Nun stören mich aber 2 Dinge.
Wenn ich das Fenster minimiere, legt es mir den Footer (letzter DIV im Code) über den Rest der Seite. Wie bekomme ich also den Footer ans untere Ende der Seite, ohne dass ich dieses Problem habe. Der Footer soll immer am unteren Ende der Seite sein, wenn der Inhalt nicht die ganze Seite ausfüllt. Wenn er größer ist, soll der Footer natürlich mitwandern.

Das zweite: Wenn ich das Fenster in der Breite noch kleiner ziehe, verhaut es mir irgendwie das ganze Layout. Woher kommt das?

Liegt es einfach nur am Browser? Oder ist der Code nicht so gut?
Falls ich den Code no machen soll. Das habe ich vor:
 - Das Layout soll immer über die ganze Bildschrimbreite gehen, egal welche Auflösung
 - Die linken Spalten (Die grauen Flächen) haben eine fixe Breite von 200px.
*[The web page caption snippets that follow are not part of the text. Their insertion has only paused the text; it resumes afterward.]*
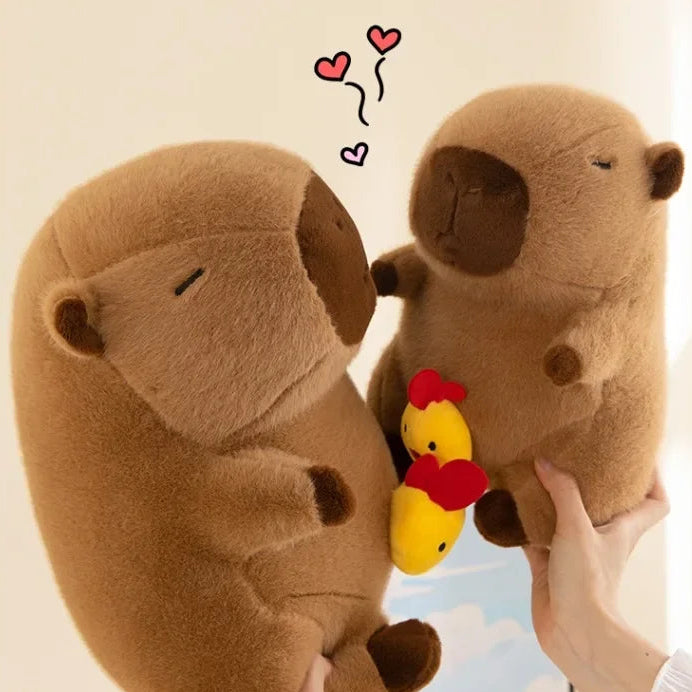 Two brown kawaii plush animals holding a yellow chick with hearts above on a beige background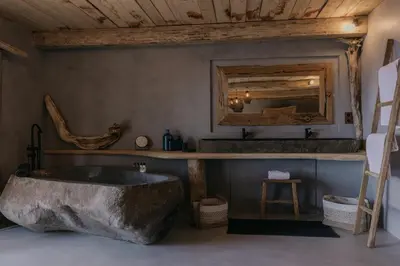 a large rock tub in a bathroom with a mirror at Lagnonu in Verghia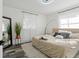 Main bedroom with a king-size bed and plush carpet at 936 Lyndhurst St, Dunedin, FL 34698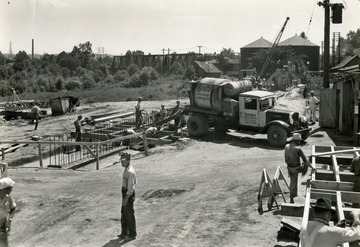 Built in the wake of the devastating Flood of 1937, when the Ohio River crested at more than 19 feet above flood stage at Huntington. The flood wall was built in 3 separate sections. Shown here is the Guyandotte section under construction.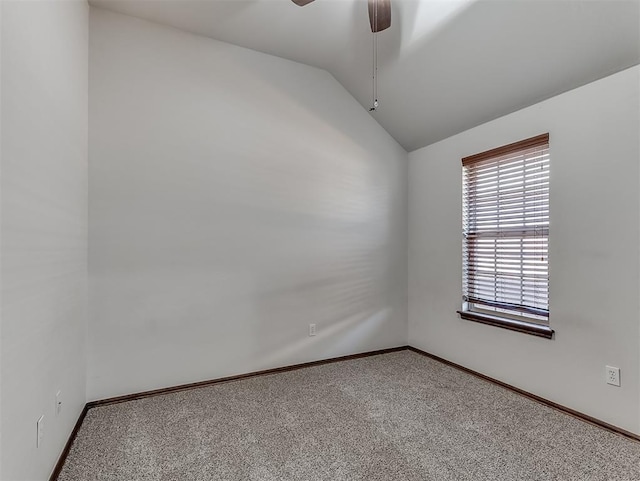 spare room featuring vaulted ceiling, carpet flooring, a ceiling fan, and baseboards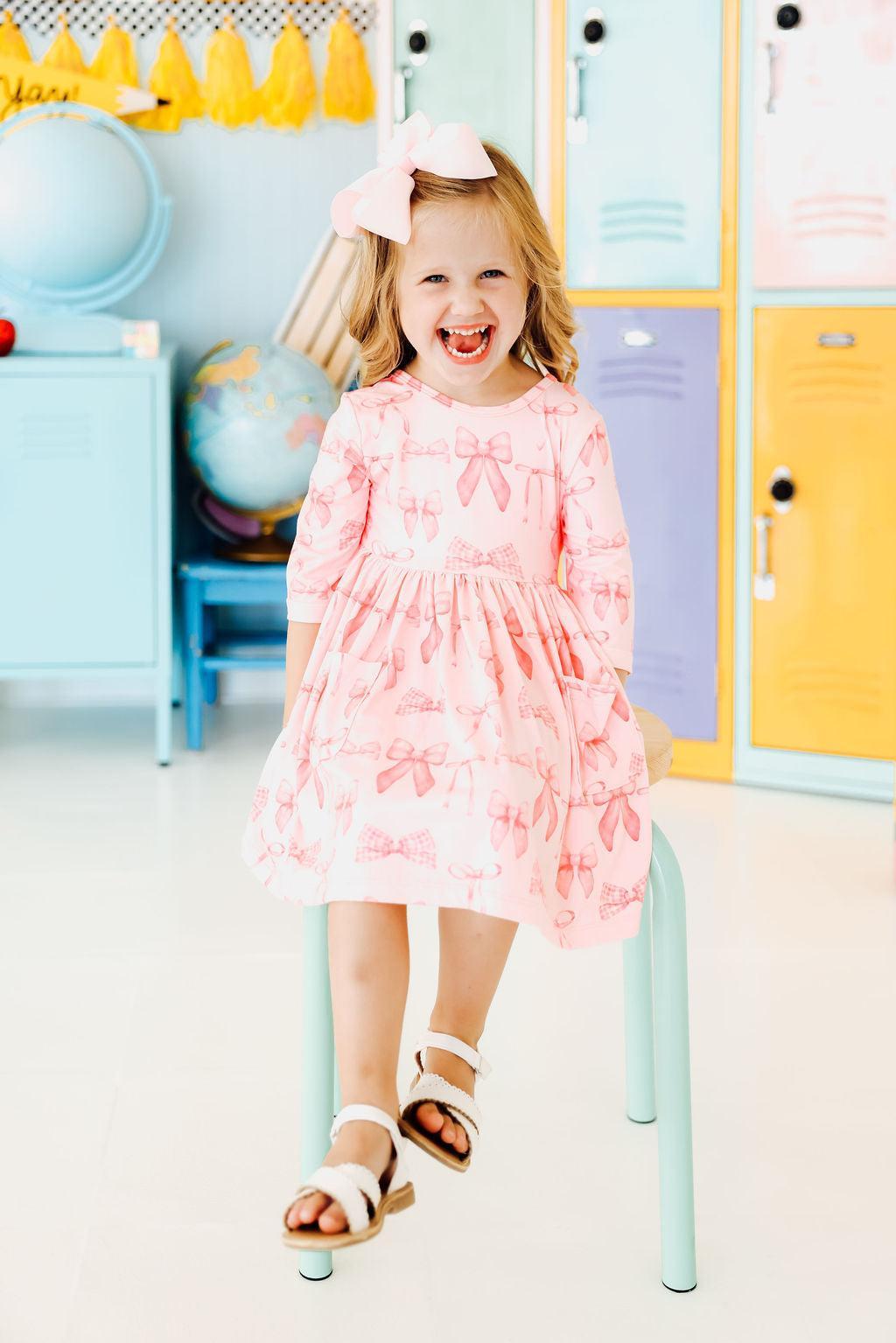 Mila & Rose ® Blushing Bows 3/4 Sleeve Pocket Twirl Dress — comparison shot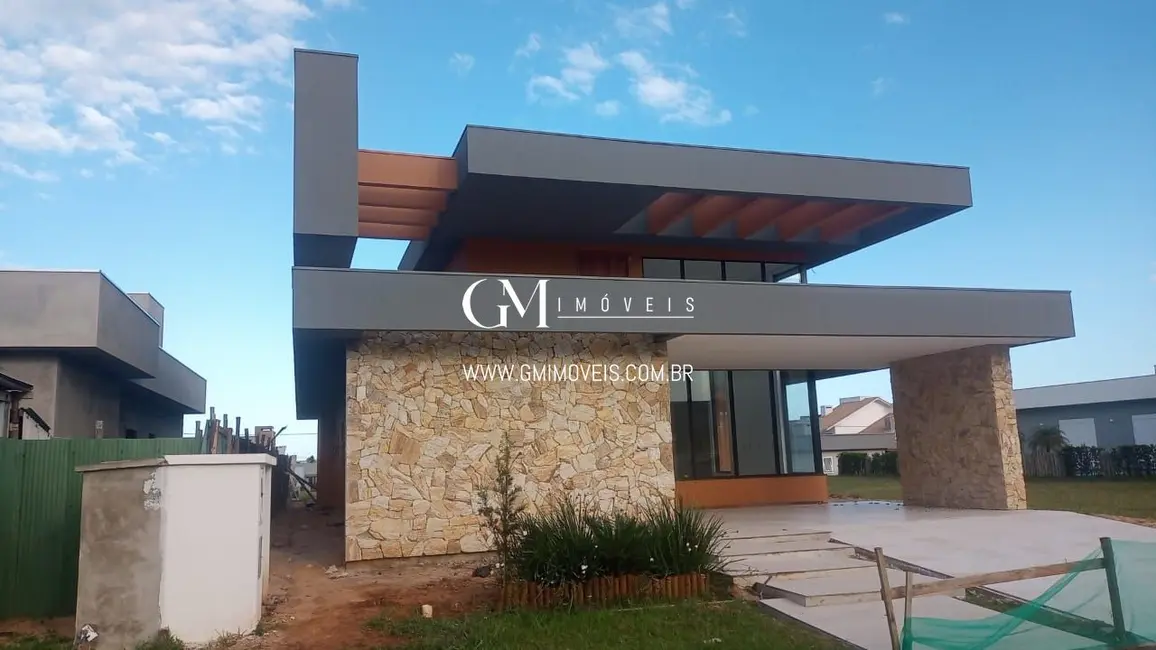 Foto 2 de Casa de Condomínio com 3 quartos à venda, 247m2 em Torres - RS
Sie sollen die gesammte Höhe einfärben.
 - Die rechten Spalten passen sich dann immer der restlichen Breite an.
 - Footer sollte, wenn der Inhalt nicht ausreichend ist, um die ganze Seite zu füllen, immer am unteren Bildschrimrand sein. Ansonsten soll er mitwandern.

Hoffe auf eure Hilfe.


----------



## Maik (25. April 2006)

Vielleicht helfen dir die angehängten Beispiele von Dr Dau in dem Thread div height=100% nur im IE? weiter?


----------



## fanste (25. April 2006)

Hi,

Den habe ich auch vor ca. 30 Minuten gefunden . Habe damit und mit ein paar Links, die ich dort fand,  jetzt ein neues Layout entworfen, dass nicht "auseinander fällt".

Nun habe ich nur noch ein/e Problem/Frage. 
Wie bekomme ich den Footer in einem Div an den unteren Rand, ohne, dass ich "position:absolute" nehmen muss? Es kommt mir nämlich darauf an, dass man nicht scrollen muss, wenn der Inhalt nicht länger als die Seite ist, aber der Footer dennoch am unteren Rand des Browsers klebt.

Soll ich nochmal meinen neuen Code posten, damit ihr euch das besser vorstellen könnt, oder geht es ohne?


----------



## Maik (25. April 2006)

In diesem Beispiel besitzt der Footer eine feste Höhe und wird um dieses Maß mittels margin-top in den Viewport geschoben, also an den unteren Browserfensterrand. Wenn der Inhalt länger / höher als der Viewport ist, wandert der Footer mit.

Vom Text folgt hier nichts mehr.